3. Control device (52) according to claim 1 or 2, characterized in that the sensor (48) is arranged in a fillable with waste water measuring chamber (72) via at least one connection (50) to a sewer and / or a clarifier ( 4) can be connected.

4. Control device (52) according to claim 3, characterized in that the control device (52) and the measuring chamber (72) are arranged in a common housing.

5. Control device (52) according to any one of the preceding claims, characterized in that in the measuring chamber (72) a heating device (70) for heating the in the measuring chamber (72) located wastewater is arranged.

6. Control device (52) according to any one of the preceding claims, characterized in that the control device (52) with a controller for a Pump device (18), an aerator (38) and / or a control device for a multi-way valve (24) connectable to control the sewage flow or from the control device (52), the pump device (18), the aerator (38) and / or the control device for a multi-way valve (24) is controllable.

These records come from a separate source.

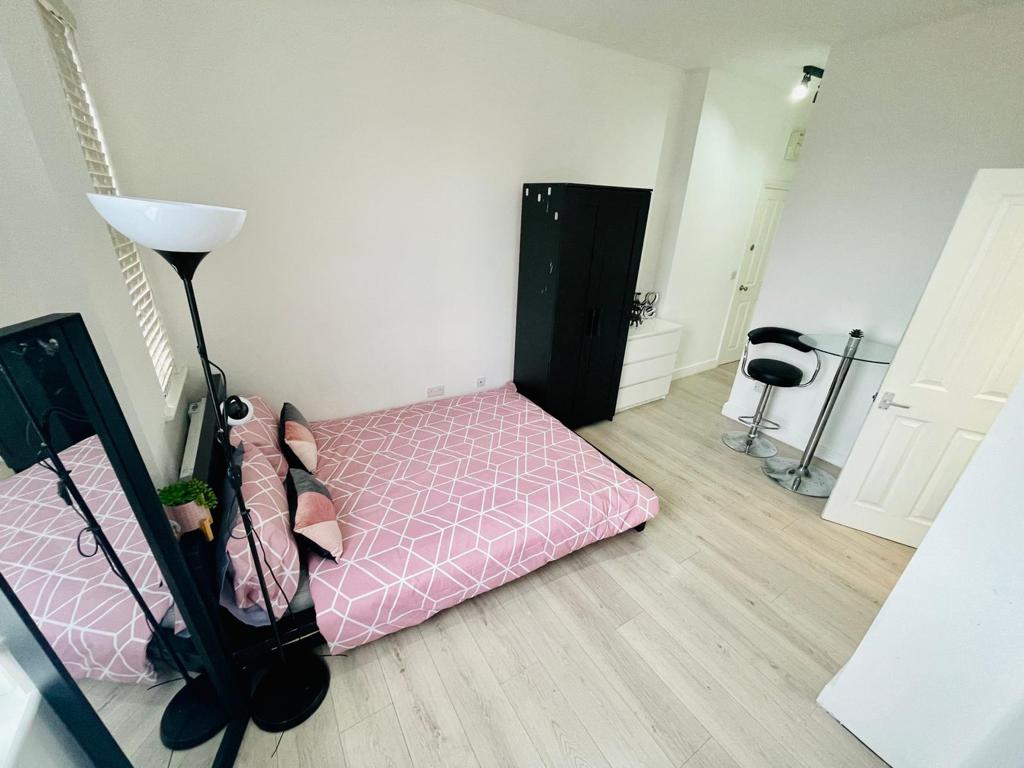 Fully Equipped Studio  – 1 Meyrick Road, Dollis Hill, NW10 2EL 2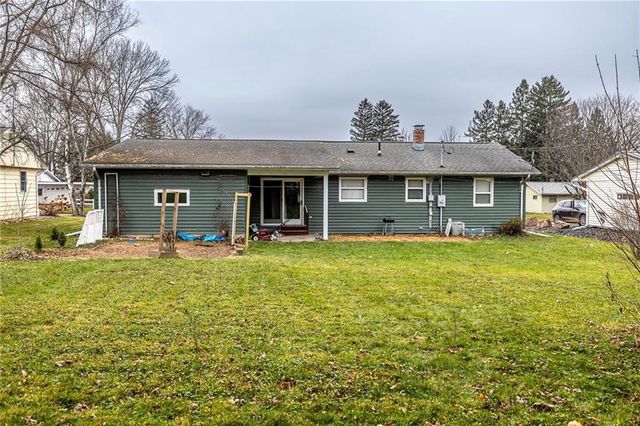 11 State Street, Neillsville, WI 54456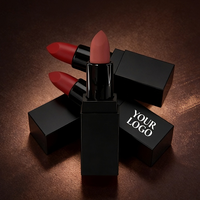 Lápiz Labial Vegano Mate Personalizado de Bajo Pedido Mínimo, Proveedor de Lápiz Labial Rojo Mineral de Lujo, Altamente Pigmentado, Resistente al Agua y de Larga Duración, Marca Privada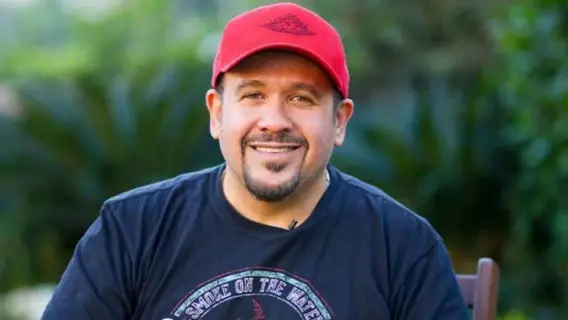 الفنان هشام عباس يستعد لبطولة فيلم عن قصة حياته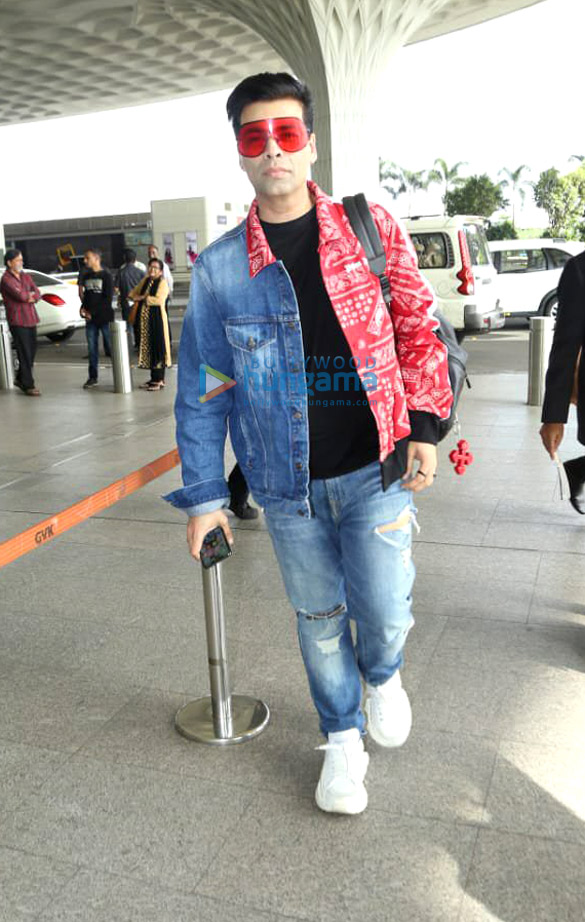 photos priyanka chopra ayushmann khurrana and others snapped at the airport 3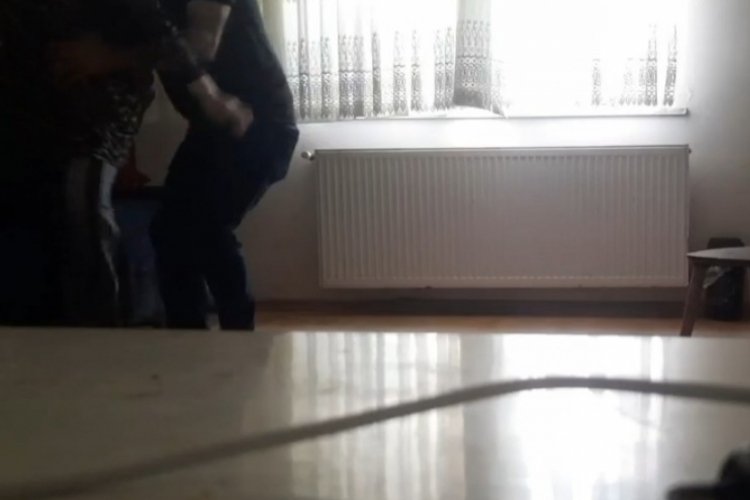 Ev sahibi kiracısını taciz etti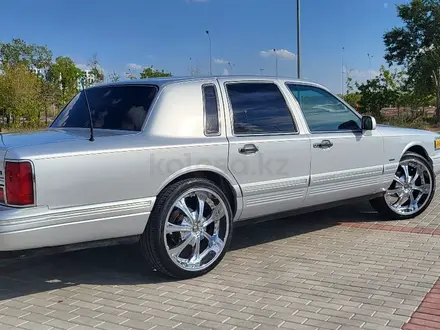 Lincoln Town Car 1996 года за 10 000 000 тг. в Астана – фото 14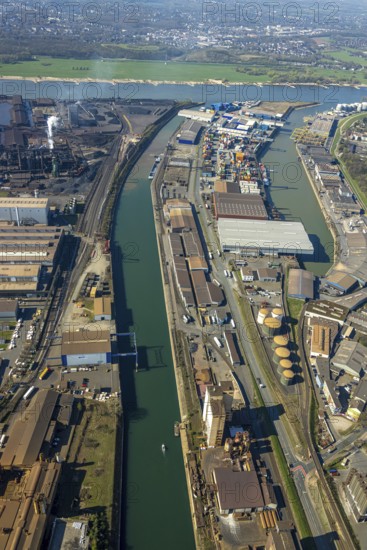 Aerial view, Neuenkamp parallel harbour and outer harbour, river Rhine, HTB Heavylift Terminal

7. Control device (52) according to one of the preceding claims, characterized in that the control device (52) is switchable to a fault mode when the sensor (48) detects a sensor value that exceeds stored thresholds.

8. Control device (52) according to any one of the preceding claims, characterized in that the transmission unit (58) consists of a radio device with which the determined, evaluated and / or stored sensor value by radio signal to a receiving unit (74) is transferable.

9. Control device (52) according to any one of the preceding claims, characterized in that the transmission unit (58) has a receiving module, from the electronic remote queries are receivable and electronically processed.

10. Control device (52) according to any one of the preceding claims, characterized in that at least one sensor (48) for measuring the pH of the waste water and / or at least one sensor (48) for measuring the oxygen content of the waste water is present.

11. Method for monitoring quality parameters of wastewater, characterized in that quality parameters of the wastewater are measured by means of a sensor (48), the sensor values are transmitted directly or indirectly to a transmission unit (58) and transmitted by the latter to a receiving unit (74).

12. The method according to claim 11, characterized in that the sensor values are cached before their transmission and / or evaluated by an evaluation unit.

13. The method according to claim 11 or 12, characterized in that an electronic interrogation signal from a receiving unit (74) to the receiving module of the control device (52) transmitted and the interrogation signal from the control device (52) to a transmission of determined, evaluated and / or stored sensor values of the sensor by the transmission unit (58) to the receiving unit (74) is further processed electronically.

14. The method according to any one of claims 11 to 13, characterized in that when determining a sensor value that exceeds defined thresholds, by the sensor (48), a control device (52) is switched electronically in a fault mode.